In einem zersplitterten Land
Der Frieden ist für Israel eine Existenzfrage. Aber wer bestimmt
seinen Preis?
Moshe Zuckermann
Vieles ist schon über die gegenwärtige Zuspitzung des
Konflikts zwischen Israel und den Palästinensern gesagt und geschrieben
worden. Von versäumten historischen Chancen war die Rede, vom
Zusammenbruch des Friedensprozesses, von einer neuen Phase der Gewalt,
deren Ende unabsehbar sei, dann wieder von einer politischen Sackgasse
und einer sich zunehmend verbreitenden Hoffnungslosigkeit. Alles stimmt,
und doch ist alles nichts als eine neue Folge von Variationen über ein
nunmehr in die Jahre gekommenes Thema grundsätzlicher Art.

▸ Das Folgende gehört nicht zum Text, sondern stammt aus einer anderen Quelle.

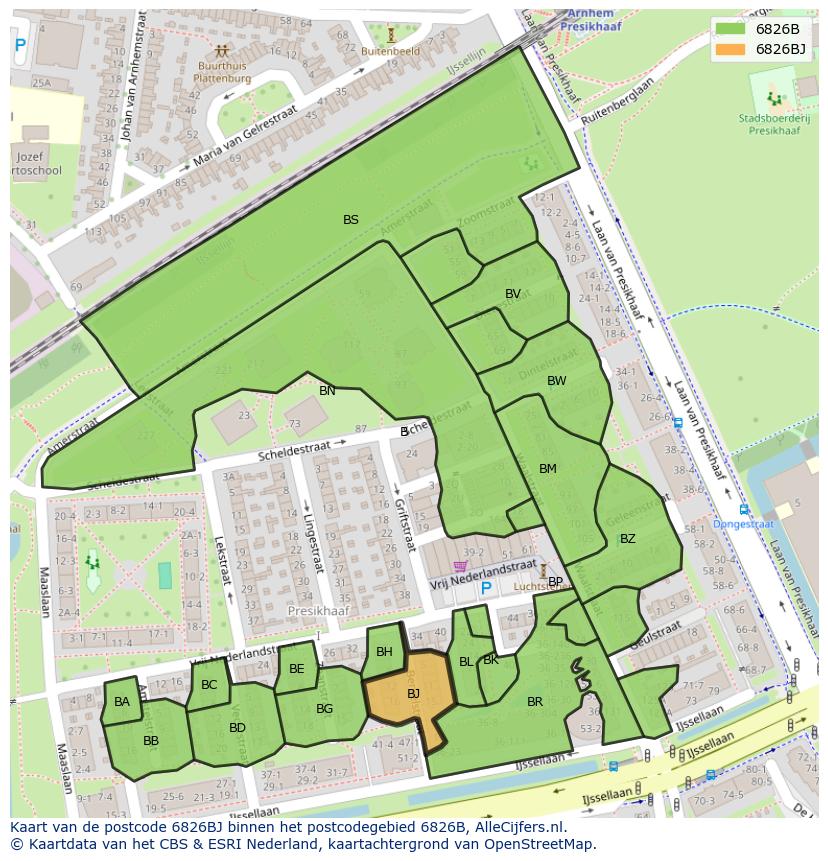 Afbeelding van het postcodegebied 6826 BJ op de kaart.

"Verpasste Chancen" scheint der begleitende Gedanke
dieses Konflikts seit seinem Bestehen zu sein; ob der Osloer
Friedensprozess (bei allen sich in ihm abzeichnenden geschichtlichen
Möglichkeiten der Strukturveränderung) nicht schon von Anbeginn ein tot
geborenes Kind war, wird noch in Zukunft erörtert werden müssen; der
jetzige Ausbruch der Gewalt ist schlimm, aber nicht der schlimmste, der
diesen Konflikt bislang gekennzeichnet hat; und "politische Sackgasse"
scheint ohnehin das Lieblingswort jener zu sein, die immer schon jeder
friedlichen Lösung des israelisch-palästinensischen Konflikts mit
fundamentaler ideologischer Abneigung und (nicht nur heimlichen)
gewaltdurchsetzten Finalvisionen gegenüberstanden.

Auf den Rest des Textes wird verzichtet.